No entanto, os números de comparecimento não mentem: a Igreja, casada como tem sido com o império, está se tornando o bode expiatório supremo. A menos que imitemos a pessoa comum unificadora de Jesus com amor divisivo pelo Outro (em vez de impasses culturais violentos), então ideologias concorrentes irão desmontar a Igreja como uma carcaça irrelevante. Um cristianismo sem Cristo cria um vácuo impotente para ressentimentos raciais, sexuais e étnicos para cozinhar e coagular em ciclos intermináveis ​​de vingança. Negritude, conservadorismo, americanismo, feminilidade ou justiça social são termos inanimados e vazios sem uma pessoa específica intrínseca à sua definição. Como tal, eles constroem movimentos culturais em areia movediça caótica; os ídolos que fazemos sempre o fazem.

Essas ideologias se tornam máquinas frias e sacrificiais que exigem o sangue de Outros desajustados para manter sua existência. Como tal, a Igreja será violentamente coagida e difamada por suas visões e instituições, enquanto ideologias concorrentes usam o poder cruciforme da vitimização percebida para justificar a punição do discurso não violento e dos "vícios de estilo de vida" dos cristãos. Toda a violência dessa tendência cultural que se aproxima viverá pela mesma espada que os cristãos — negros, brancos, pardos e vermelhos — atualmente têm os números para se unir. contra em imitação de seu modelo comum, Jesus Cristo. Se ao menos eles fizessem isso.

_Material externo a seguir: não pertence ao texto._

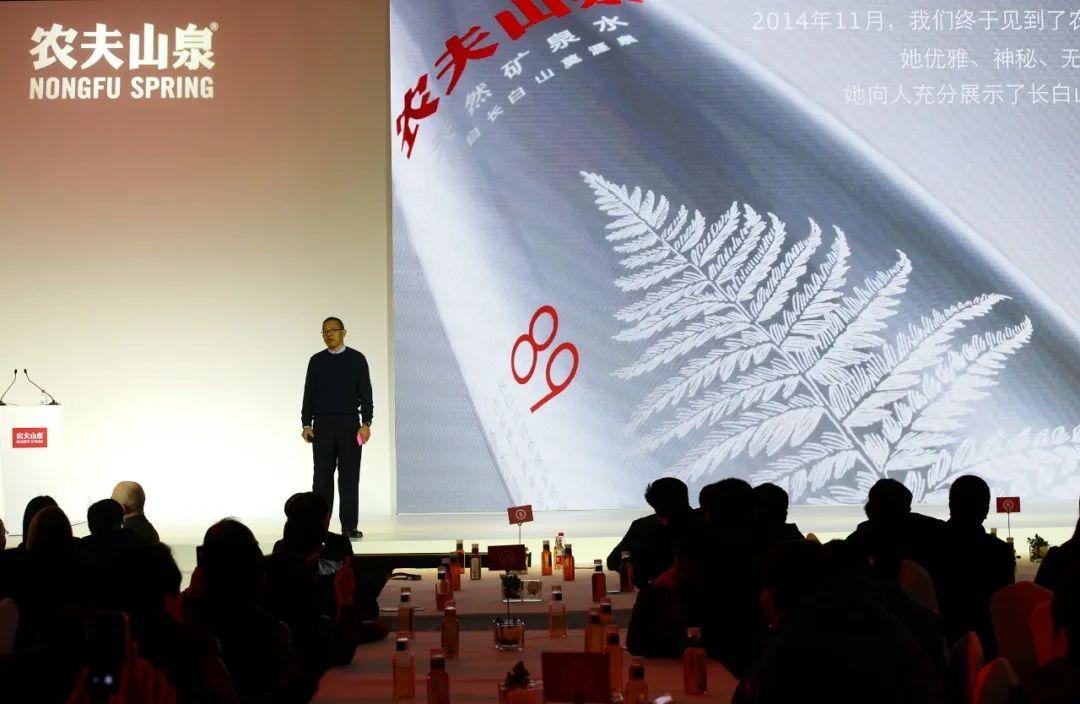 鐘睒睒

Na realidade, a tendência ocidental de fazer da Igreja tradicional um bode expiatório será uma bênção; ela nos permite participar mais plenamente da imitação de Jesus. Mas ainda temos uma escolha em como esse teste se desenrola: a maneira mais fácil de voluntariamente depor a espada abusiva do estado, ou a maneira difícil de ter as espadas empilhadas contra nossos próprios pescoços. É sempre mais fácil não esperar que um membro da "multidão" pergunte se temos um sotaque galileu (como Pedro).

A bola está nas mãos da Igreja. Ela ainda tem tempo de ser o adulto na sala e largar a espada. Ela só corta enquanto acreditarmos em sua alegação enganosa de que a violência é o verdadeiro poder. Devemos liberar o poder transformador da cultura de não violência de Jesus, acabando com todas as leis que usam roubo e violência física contra pessoas não violentas.

Largue o bode expiatório. Liberte os cativos. Dê a outra face quando o comportamento deles o insultar. Lave os pés deles. Responsabilize cada falha social — seja adultério, uso de drogas, ganância ou vício em xarope de milho rico em frutose — por meio de amor duro e tangível, não de leis burocráticas sem vida e estéreis e encarceramento destruidor de famílias.

Fica confuso. Ame o agente do IRS; não há espaço entre vocês. Ajude-o a conseguir um emprego mais bem pago e não violento, onde ele possa usar seus talentos enquanto você trabalha simultaneamente para abolir pacificamente sua agência. Torne os governos tão pequenos e locais que você possa facilmente contribuir para fundos de caridade "ajude um irmão" para aqueles que se opõem (ou não podem pagar) as contas mínimas de impostos. Crie cartões de alimentação alternativos financiados voluntariamente para os pobres que tornem o EBT irrelevante. E pelo amor de Deus, deixe um mulher compartilha tamales da cozinha de sua casa.

A confiança de libertar nossos bodes expiatórios é contagiante. Não será fácil, mas nosso velho e cansado impasse cultural não vai se manter.